More noise than signal

Strange Days

Republished from the show notes of my other site, Fuds on Film.

Strange Days breaks Predator 2’s record of shortest expected time for societal collapse (and simultaneous technological advancement), with this 1995 film set in 1999 leveraging some turn of the Willennium tension to show a Los Angeles sitting on a powder keg of racial and class tension. Wandering around with a match is Ralph Fiennes’ ex-cop Lenny Nero, now selling SQUID disks on the black market to rich clientele. What’s that, you grudgingly ask? Well, a SQUID disk is a direct recording of someone’s experience that you can then download into your mind and experience that experience as if you were experiencing that experience.

Sleazing his way around town, somewhat grudgingly aided by his friends, Angela Bassett’s Lornette “Mace” Mason, a bodyguard and limousine driver, and Tom Sizemore’s Max Peltier, fellow ex-cop and now private detective, but before long Lenny is pulled into a whirlwind of events that I’m not sure are worth recapping in any detail, otherwise we’ll be talking about it for as long as it would take to watch the film.

It starts with a now dead hooker and friend desperately trying to get a message and a SQUID disk to Lenny, which could see danger brought to Lenny’s ex-girlfriend, Juliette Lewis’s Faith, whom he still pines for. She’s chosen her singing career over their relationship, and is now shacked up with a shady manager / record label type, Michael Wincott’s Philo Gant, who’s also dealing with the fallout from the death of popular rapper Glenn Plummer’s Jeriko One, also a spearhead of a social movement.

So there’s a lot of moving parts before we add in a couple of coppers trying to get a hold of the SQUID disk with no regard for due process, and all of that’s before we know exactly what this McGuffin is going to tell us.

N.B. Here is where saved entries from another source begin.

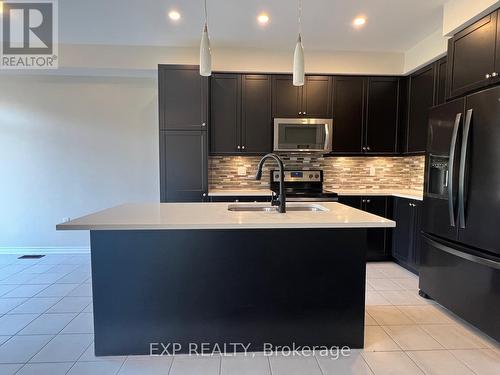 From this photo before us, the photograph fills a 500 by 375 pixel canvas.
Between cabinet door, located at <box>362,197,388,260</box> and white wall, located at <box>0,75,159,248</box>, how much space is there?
9.36 feet

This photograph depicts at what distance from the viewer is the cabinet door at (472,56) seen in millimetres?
2180

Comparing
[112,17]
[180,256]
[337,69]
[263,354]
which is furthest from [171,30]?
[263,354]

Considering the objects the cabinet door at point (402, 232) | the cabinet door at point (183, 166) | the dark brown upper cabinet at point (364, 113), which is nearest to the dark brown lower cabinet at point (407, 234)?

This is a very complicated case. You know, a lotta ins, lotta outs, lotta what-have-yous. And, uh, lotta strands to keep in your head, man.

But, not more, arguably, than the noirs that this steals its central structure from, before giving it a gloss of cyberpunk and Blade Runner that, I suppose, rather dates the film, but thankfully for me at least it’s a point in time I can rather get behind. I’ll tell you how remarkable this film is: Tom Sizemore is in it and he doesn’t ruin it. I actually think he’s quite good in it, bringing the total number of tolerable Tom Sizemore turns to one.

Fiennes is dependably engaging, and his relationship with Angela Bassett plays out nicely over the course of the piece. I perhaps wonder if this story will hold up at all to repeat viewing, however I’ve only seen this once, and I liked it a great deal. Well worth pulling off the shelf, particularly if like me this has been on your “must catch up with this” list for the past twenty years, oh Lord I am so old.